Physical characteristics
- • location: McHenry County southeast of Harvard, Illinois
- • coordinates: 42°23′18″N 88°34′07″W﻿ / ﻿42.3883333°N 88.5686111°W
- • elevation: 1,015 ft (309 m)
- • location: Confluence with the Kishwaukee east of Belvidere, Illinois
- • coordinates: 42°15′23″N 88°42′10″W﻿ / ﻿42.2563889°N 88.7027778°W
- • elevation: 774 ft (236 m)
- Length: 15 mi (24 km)

Basin features
- Progression: Rush Creek → Kishwaukee → Rock → Mississippi → Gulf of Mexico
- GNIS ID: 417053

= Rush Creek (Kishwaukee River tributary) =

Rush Creek is a 14.9 mi tributary of the Kishwaukee River in northern Illinois.

There is another Rush Creek that is a tributary of the Mississippi River in Carroll County.

==Course==
Rush Creek's origin is in a complex of wetlands near Harvard, Illinois, two miles southeast. The stream then flows southwest until it empties into the main stem of the Kishwaukee River one mile east of Garden Prairie.

==Description==
Approximately 65% of the main stem of Rush Creek has been channelized (ditched and straighten), however 50% of those areas are showing signs of recovery.

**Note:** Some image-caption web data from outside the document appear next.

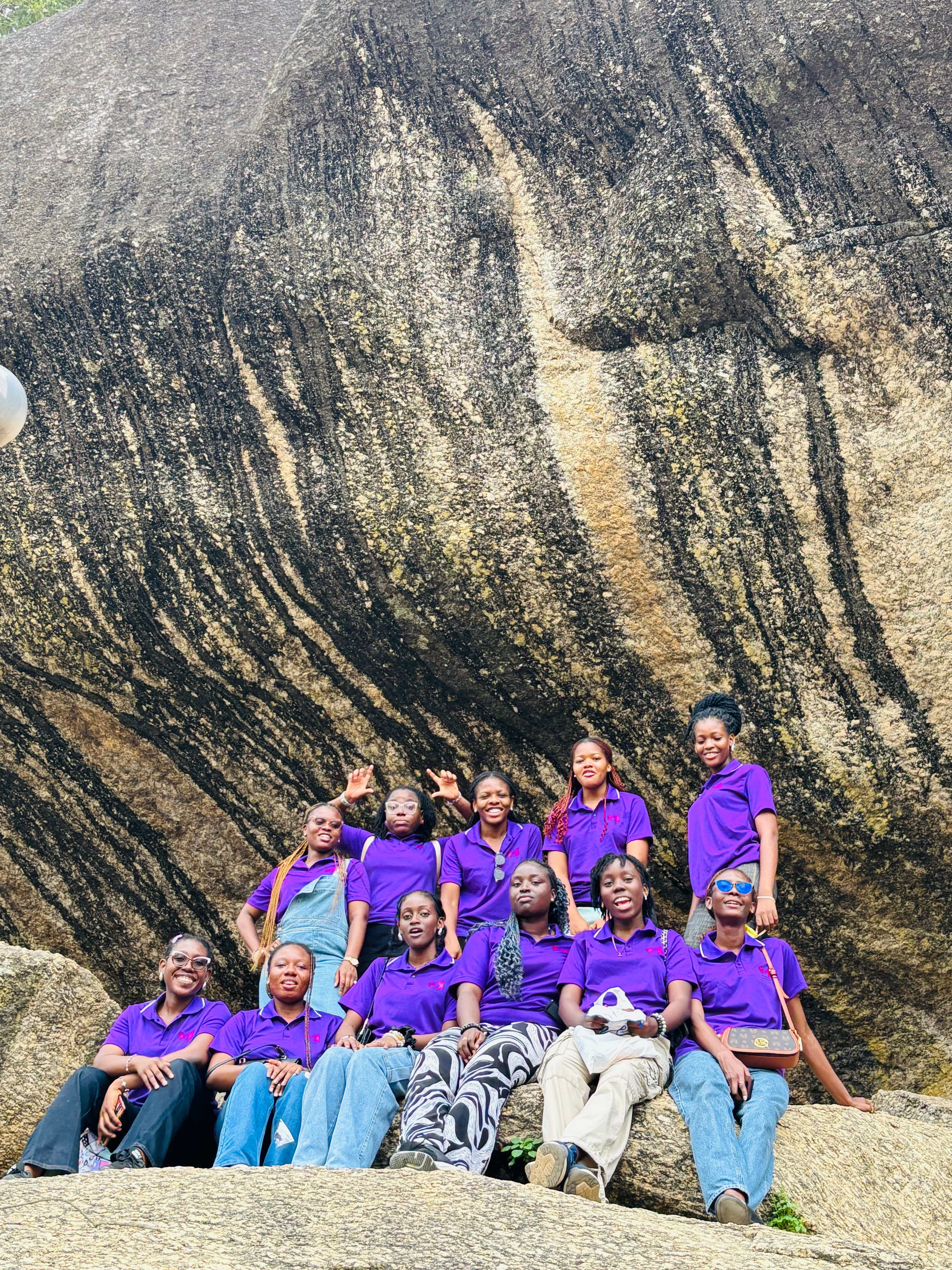 Volunteers with campers at the rocks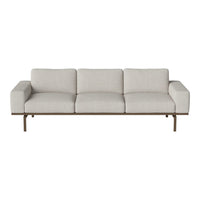 Light beige sofa with clean lines, minimalistic design, and a sleek metal frame.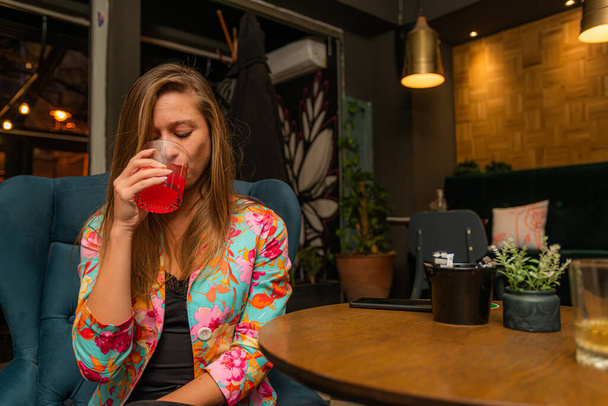 Attractive and beautiful young lady is drinking her cocktail - Photo, Image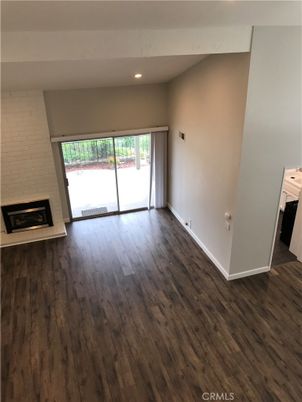 Empty room, Fireplace, Interior, Recessed Lighting, Wood Texture Flooring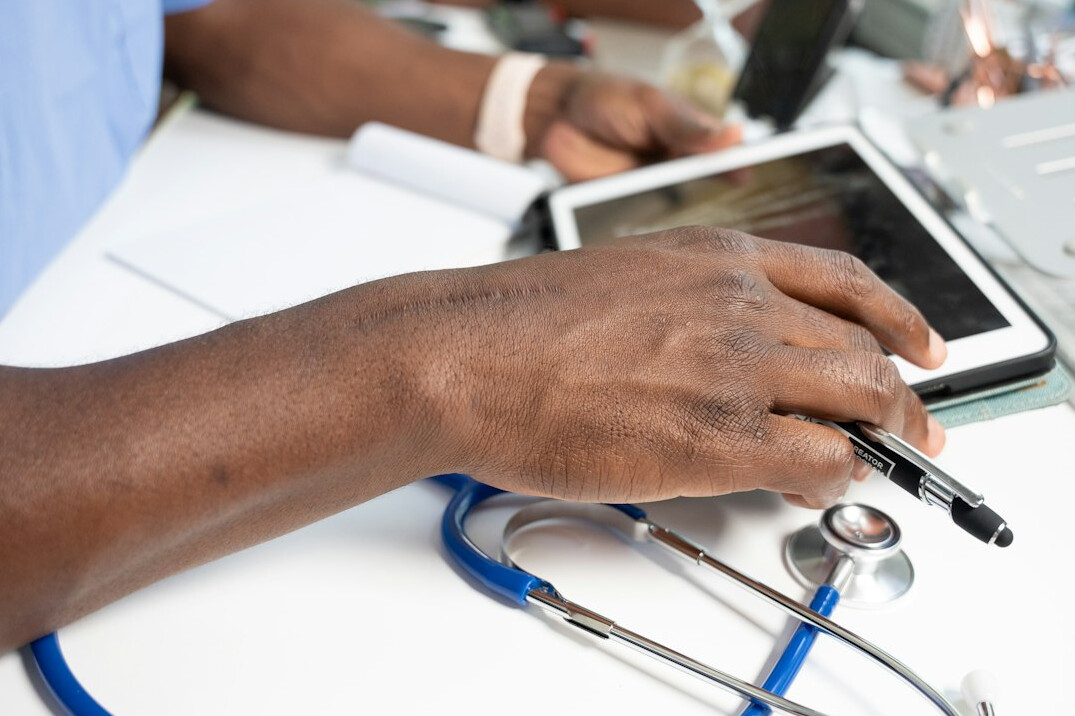 doctor discussing insurance with patient
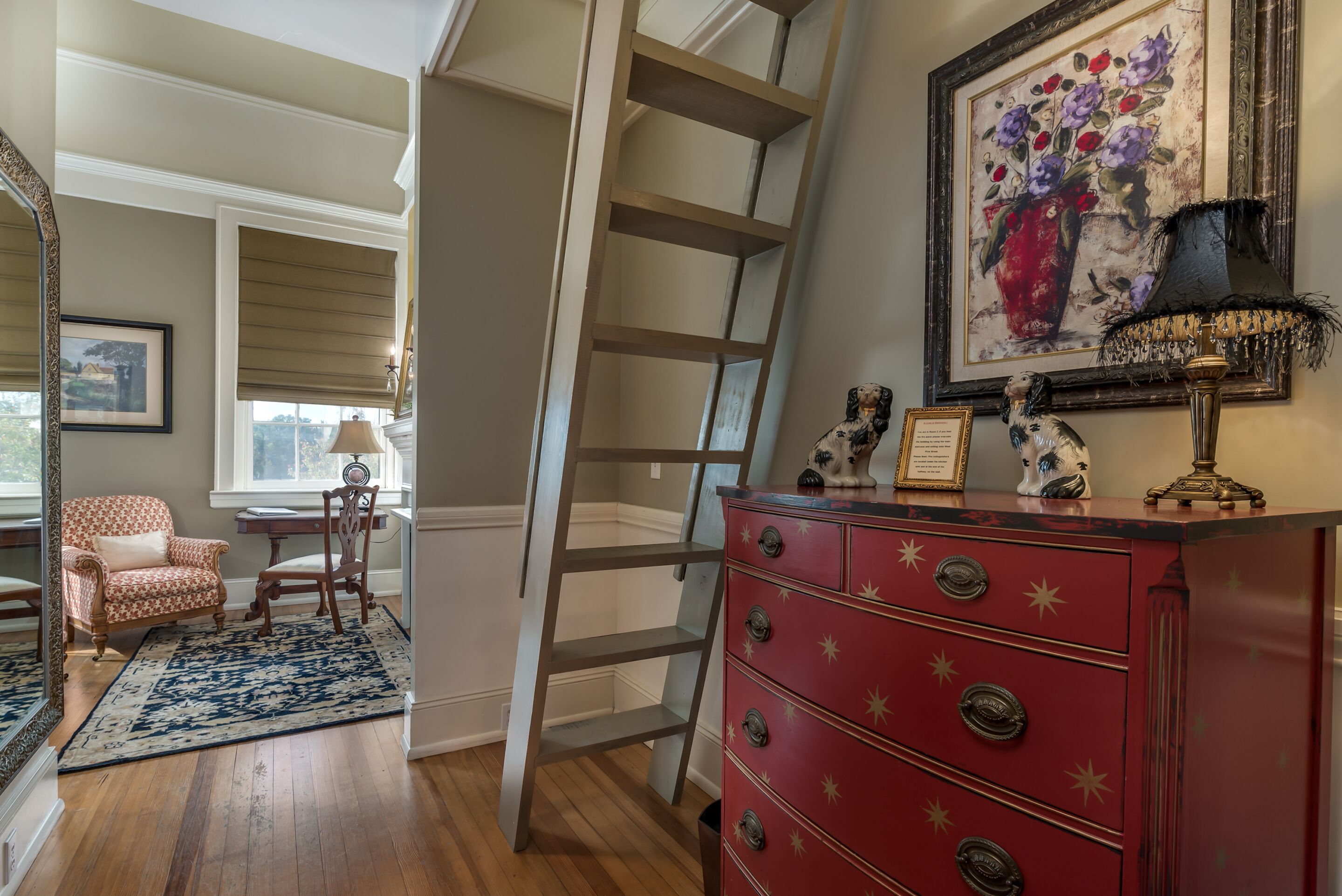 A room with a wooden floor, a red dresser with star-shaped handles, a ladder, a chair, a framed painting, and a lamp.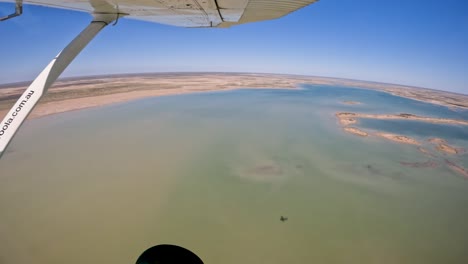 Pov-Small-aricfrat-flyover-Beautiful-Lake-Callabona,-Arkaroola-,-Australia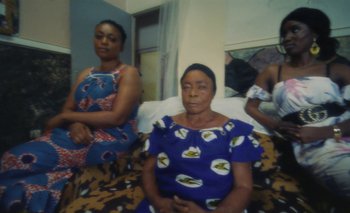 Movie still from “Oko Ebombo - Nalingi Yo” (2022), directed by Frank Lebon – Medium shot, High angle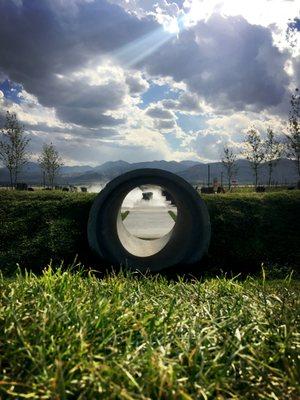 View of our Fog Water Feature through a play Tunnel at Lake Avenue South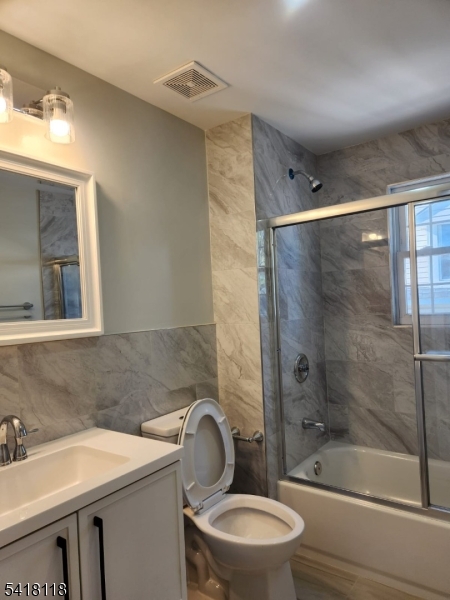 464 Walnut Street Elizabeth, NJ 07201 - Photo 7 of 22 a bathroom with a sink toilet and shower
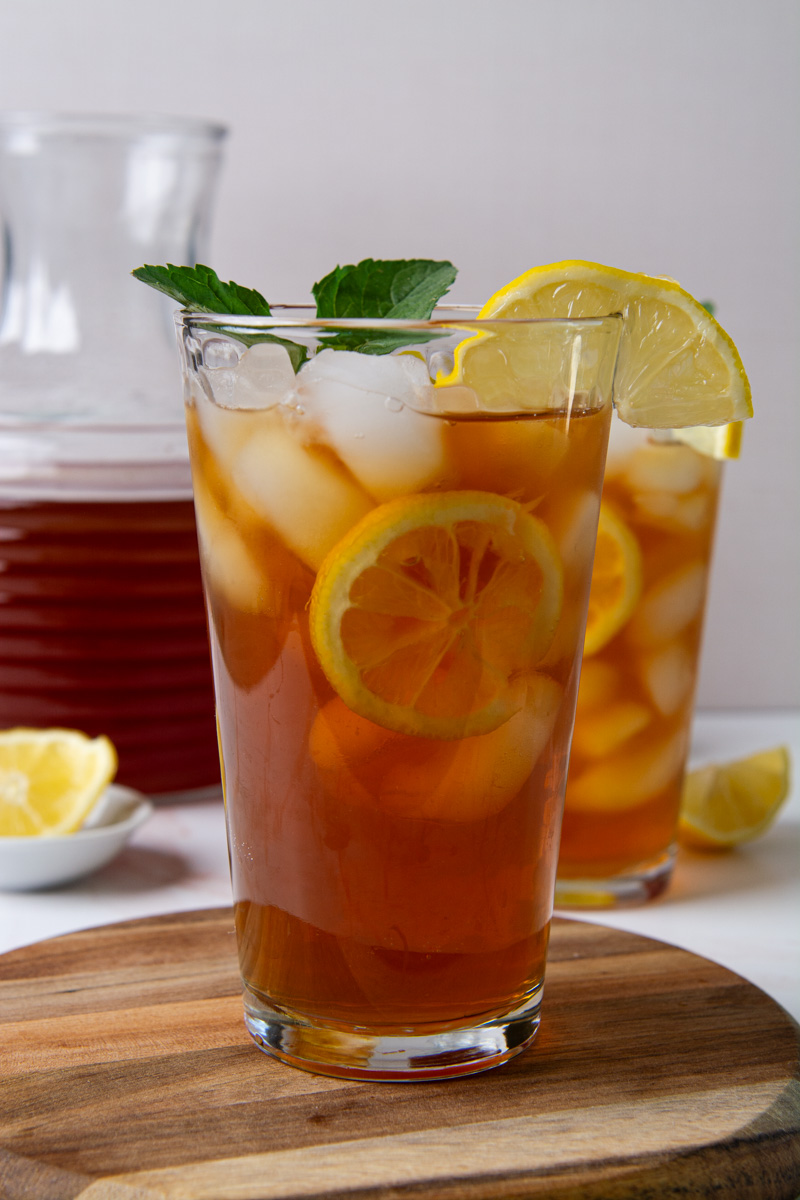 Two tall glasses of sweet iced tea with lemon slices and ice, garnished with fresh mint, on a wood cutting board with a glass pitcher of tea in the background.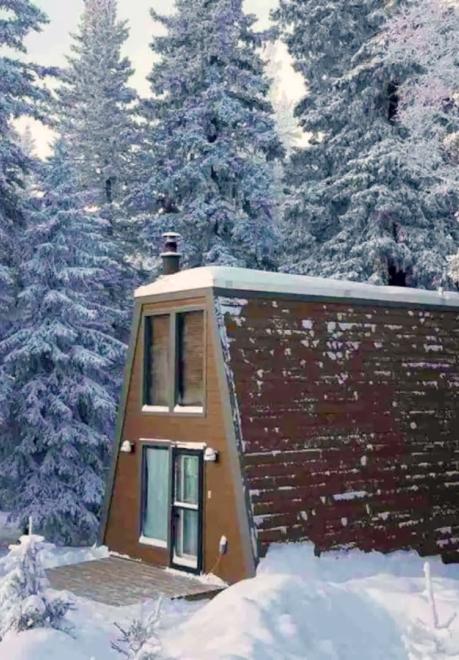 A vintage A-Frame Cabin tucked in the snow-clad Black HIlls during winter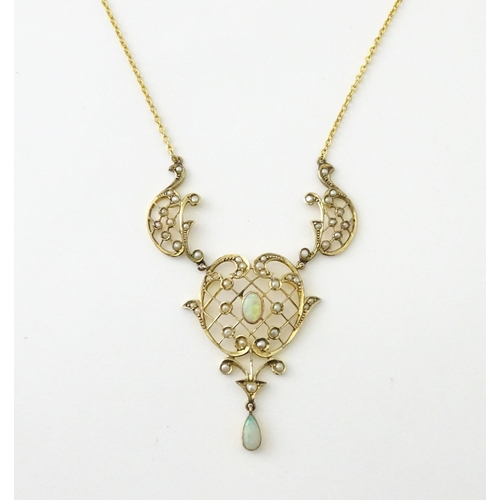 588 - A 9ct gold Art Nouveau necklace the pendant set with seed pearls and opals. On later yellow metal ch... 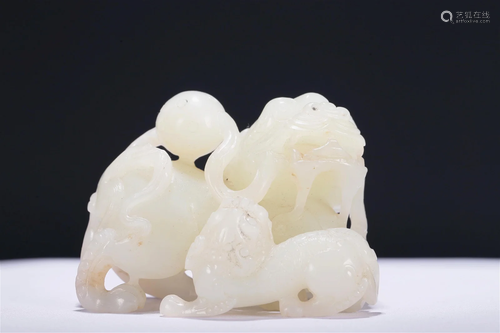 A Wonderful Gaogu White Jade 'Lion' Group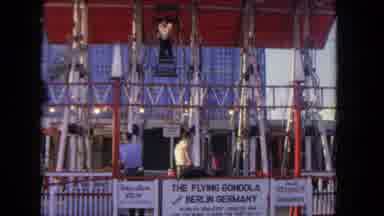 Los Angeles California USA (1962): People Riding In Flying Gondola Ride At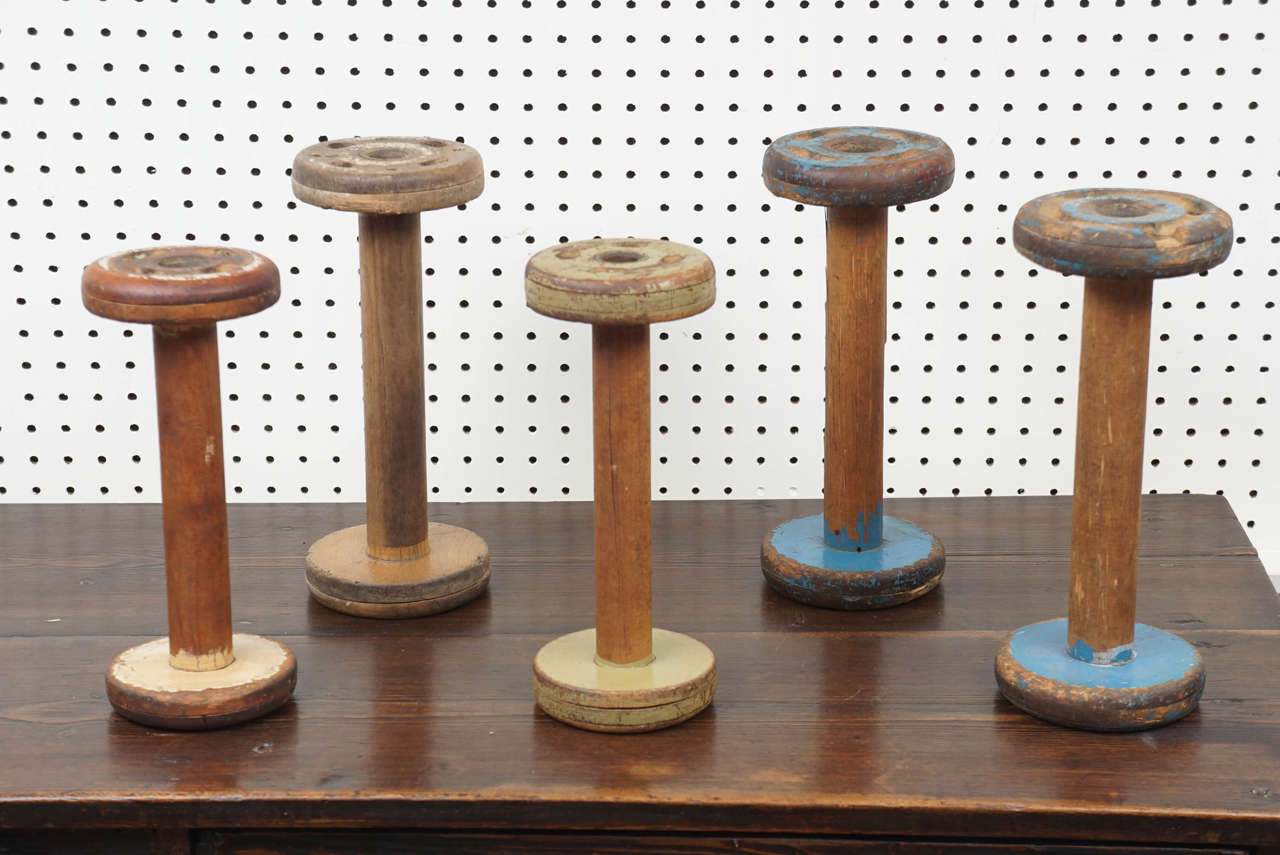 These spools of thread are from the 1920s and come in multiple colors. This collection can work anywhere in your home. We have a set on our coffee table with wooden balls on top of each spool. It's a Folk Art piece that will add some uniqueness to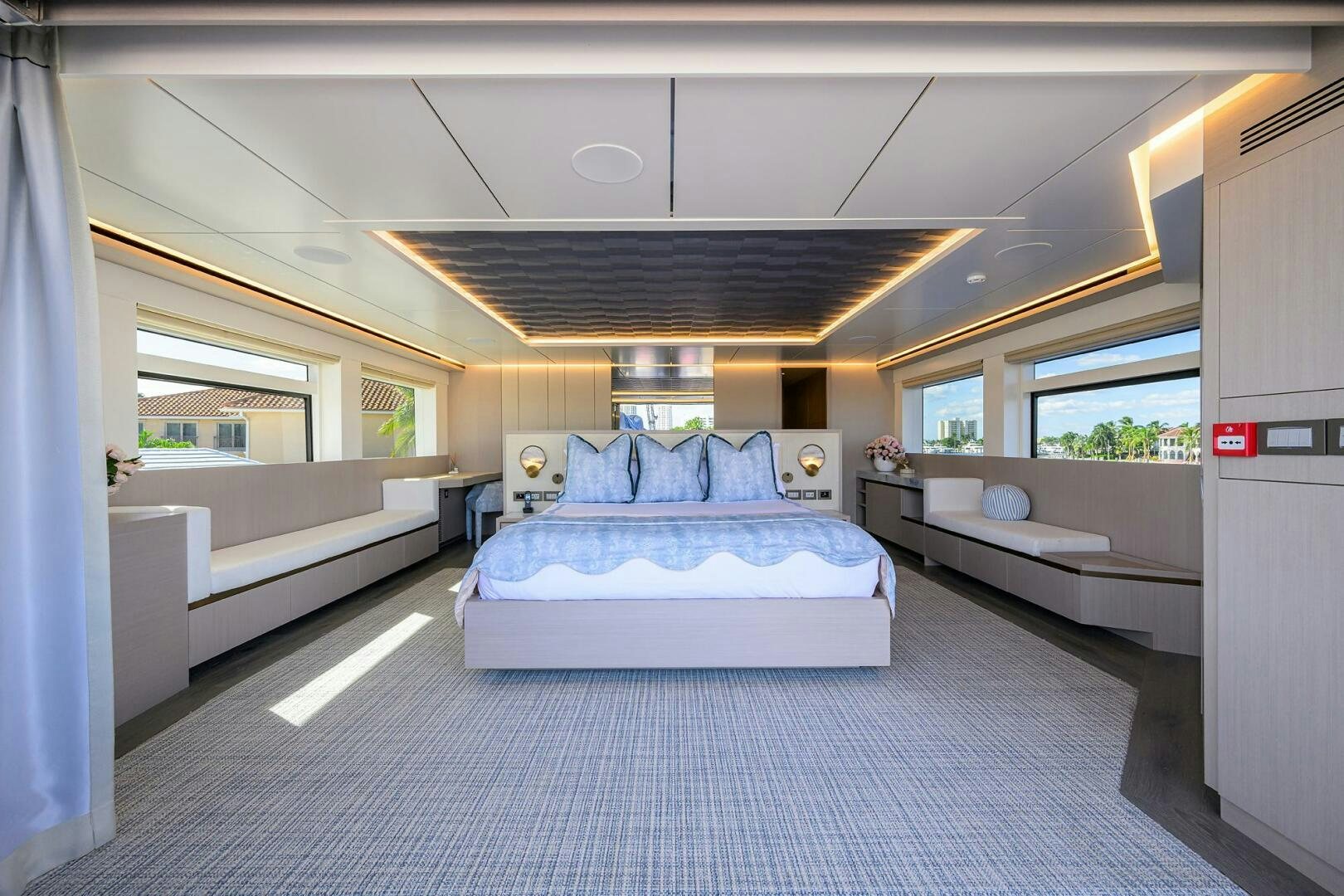 a room with a bed and a couch aboard AMORE Yacht for Sale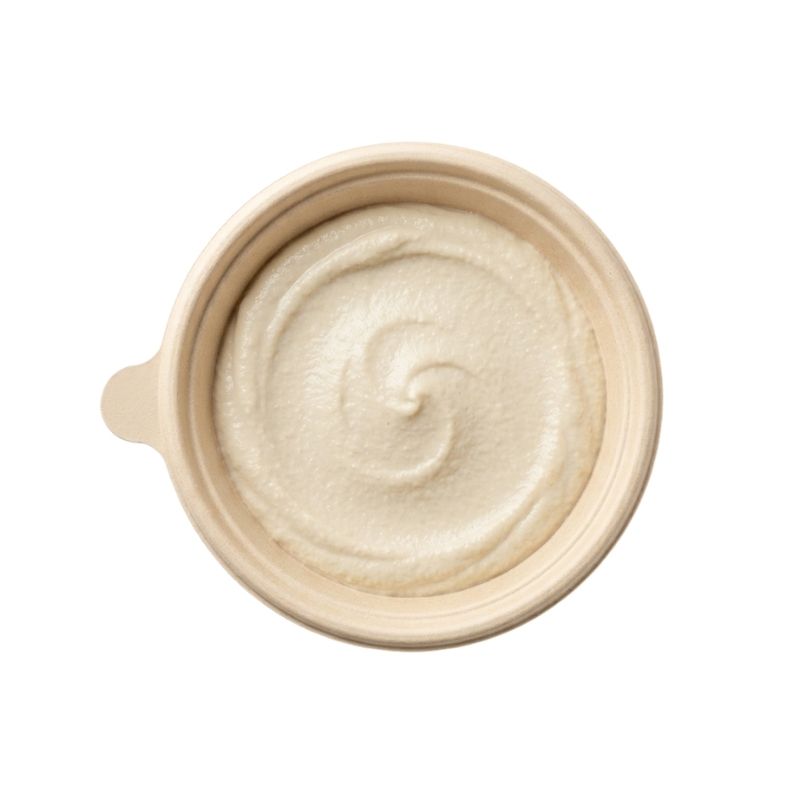 A top-down view of Sprouted Cashew Sour Cream - 180g, set against a solid white background.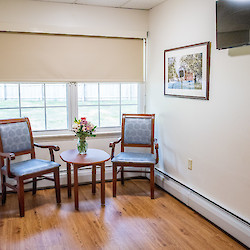 Small sunlit lounge area with TV at 60 West in Rocky Hill, CT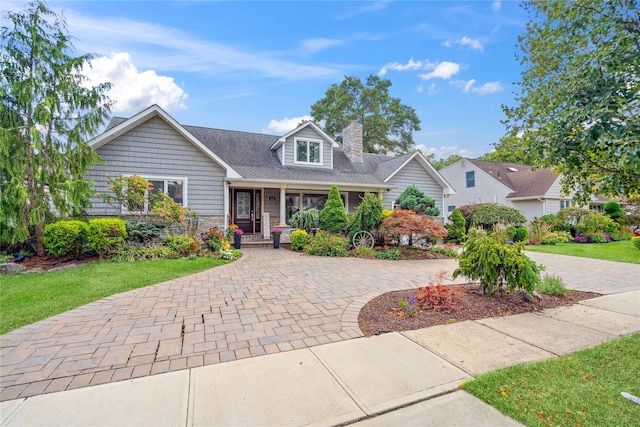 view of front of property featuring stone siding, a chimney, and a front lawn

Despite the channelization and encroachment from agriculture many of the stream's features such as riffles can still be seen.

==Wildlife==
Twenty-nine species of fish have been identified within Rush Creek and its tributaries, two of those species have not been seen in the watershed since 1965 - the northern pike and the largescale stoneroller. Three animal species are on state or federal endangered or threatened lists - river otter, and two mussels, Elliptio dilatata (Spike) and Alasmidonta viridis (Slippershell).